By default there is no limit, and packages are started as jobserver tokens become available.
$ spack install -j16 -p4 python
This builds with 16 total make-jobs but never more than 4 packages at once.
Dynamic adjustment¶
You can adjust parallelism while a build is running:
Press
+to add a job (increases-jby 1)Press
-to remove a job (decreases-jby 1)
When reducing parallelism, Spack waits for currently running jobs to finish before the new limit takes effect; it does not kill active processes.
The progress header shows the adjustment in progress, e.g. +/-: 4=>2 jobs, until the actual count reaches the target.
Multi-process and multi-node installs¶
Multiple spack install processes can safely run concurrently, whether on the same machine or across multiple nodes in a cluster with a shared filesystem.
Spack coordinates through per-prefix filesystem locks: before building a package, the process acquires an exclusive lock on its install prefix.
If another process already holds the lock, Spack waits rather than building a second copy.
When a process encounters a prefix that was already installed, it simply skips it and moves on to the next install.
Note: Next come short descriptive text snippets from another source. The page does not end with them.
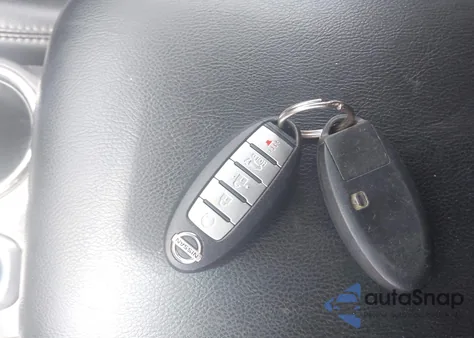 2015 Nissan Pathfinder Platinum from USA, damaged, VIN 5N1AR2MM3FC601523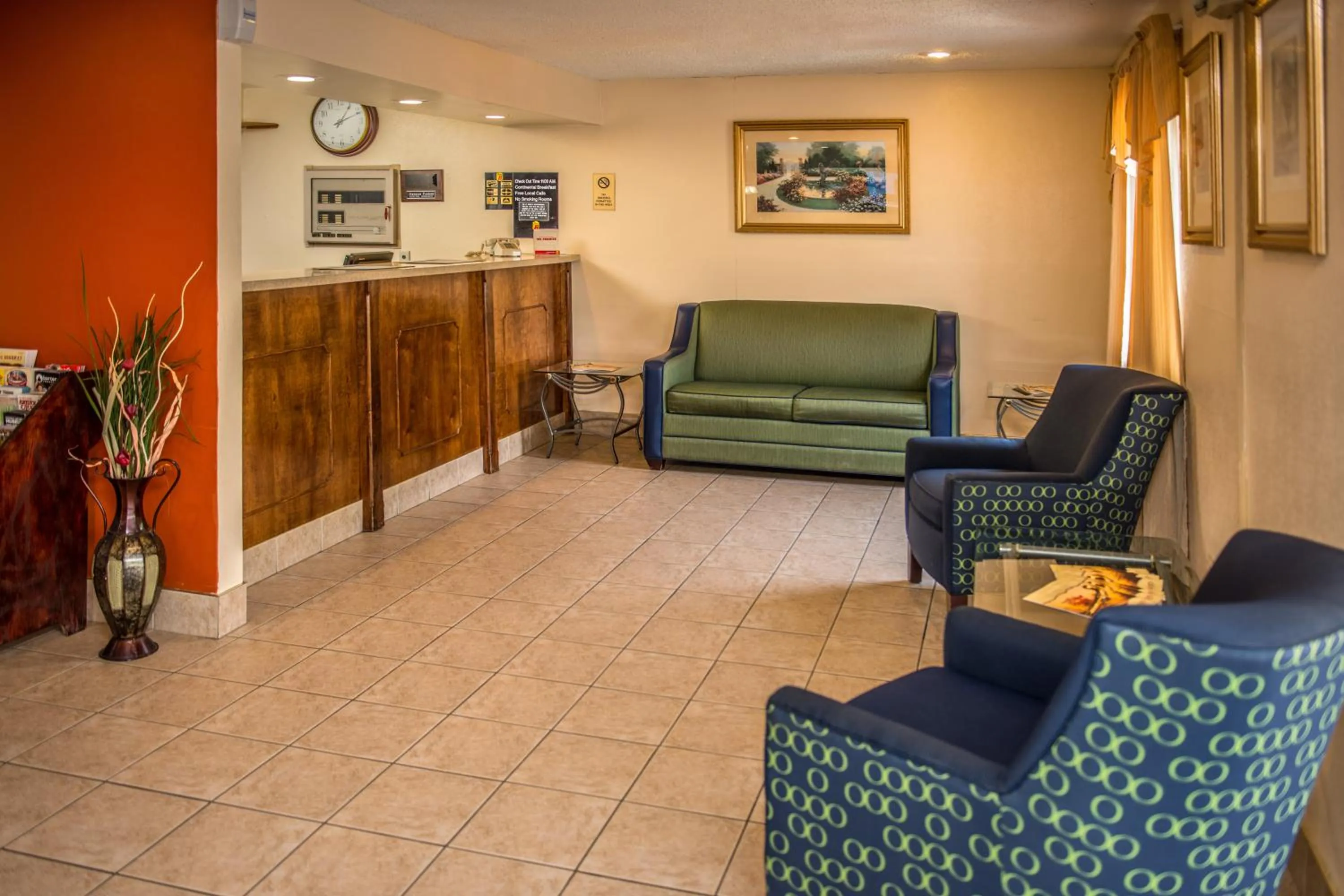 Lobby or reception in Super 8 by Wyndham Prestonsburg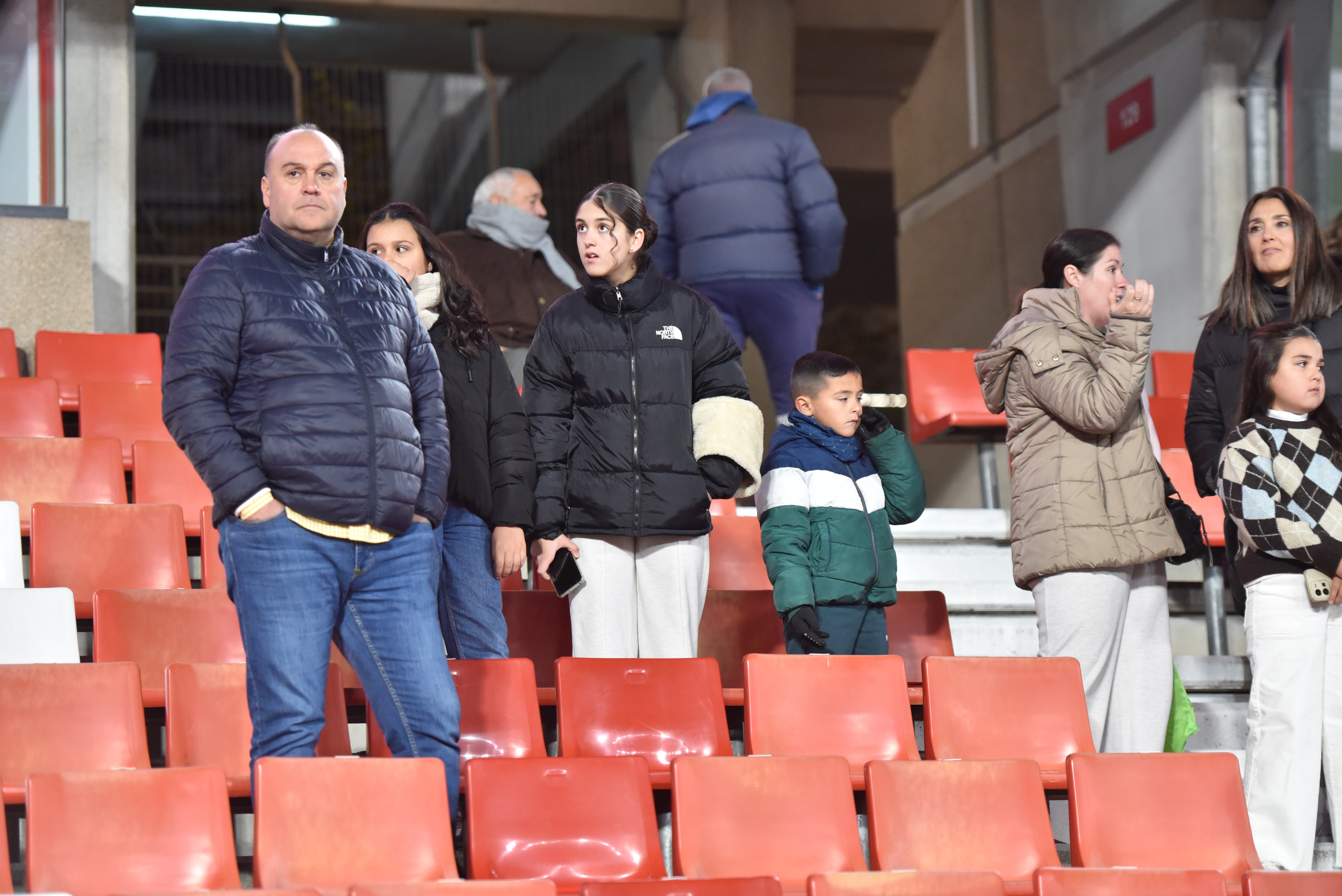 Búscate en la grada de Los Cármenes en el Granada-Córdoba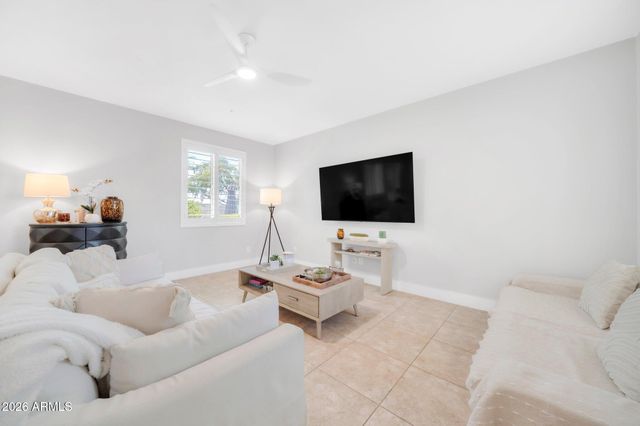 13023 N 93RD Drive, Peoria, AZ 85381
For best results on a cluster, it’s recommended to limit per-process package-level parallelism (e.g., spack install -p2) for better load balancing.
Non-interactive mode¶
When the controlling process is not a tty, such as in CI pipelines, when redirecting output to a file, or when running in the background, Spack skips the TUI and prints simple line-based status updates instead.
Use spack install -v to also print build output.
You can also background builds:
Suspend and resume: press
Ctrl-Zto suspend the install, thenbgto let it continue in the background orfgto bring it back. Child builds are paused while suspended, and resumed when continued in the background or foreground. The TUI is suppressed while backgrounded and restored onfg.Start in the background: run
spack install ... &to skip the TUI entirely and build in the background from the start.
Tip
You don’t need a new terminal or SSH session to keep a build running — just suspend it with Ctrl-Z and bg, then continue working.
Handling failures¶
By default, Spack continues building other packages when one fails (best-effort).
Use --fail-fast to stop immediately on the first failure.
$ spack install --fail-fast python
Failed builds show [x] in the overview.
Navigate to a failed build and press v to see a parsed error summary and the path to the full log.
See spack install for the full set of flags related to debugging and controlling build behavior.
Build isolation and sandboxing (Linux)¶
Spack can run builds in an unprivileged sandbox to restrict filesystem and network access. This opt-in feature requires Linux 5.13+ with Landlock support (network restrictions require Linux 6.7+). Sandboxing is meant for build reproducibility and bug containment rather than acting as a strict security boundary, as package recipes still execute outside the sandbox ahead of the build.
When enabled, the stage directory, install prefix, system temp directory and /dev/null are implicitly writable.
Spack-installed dependencies (excluding externals) are implicitly readable.
All other paths must be explicitly allowed in configuration:
config:
sandbox:
enable: true # Enable for all builds
allow_network: false # Disable TCP network access during the build phase
allow_read: # Additional paths with read and execute permissions
- /usr
allow_write: # Additional paths with write and execute permissions
- /scratch
The sandbox activates immediately after source extraction and prefix creation. Note that network restrictions only apply during the build phases, leaving Spack’s own fetch operations unaffected.
File system restrictions are complementary to existing file permissions and ACLs; they cannot grant access to files the user does not already have permission to read or write.
Spack’s sandboxing complements external containerization tools like Podman or Bubblewrap: while a container must grant the main Spack process write access to the entire software store, Landlock dynamically confines each build subprocess strictly to its exact, package-specific install prefix.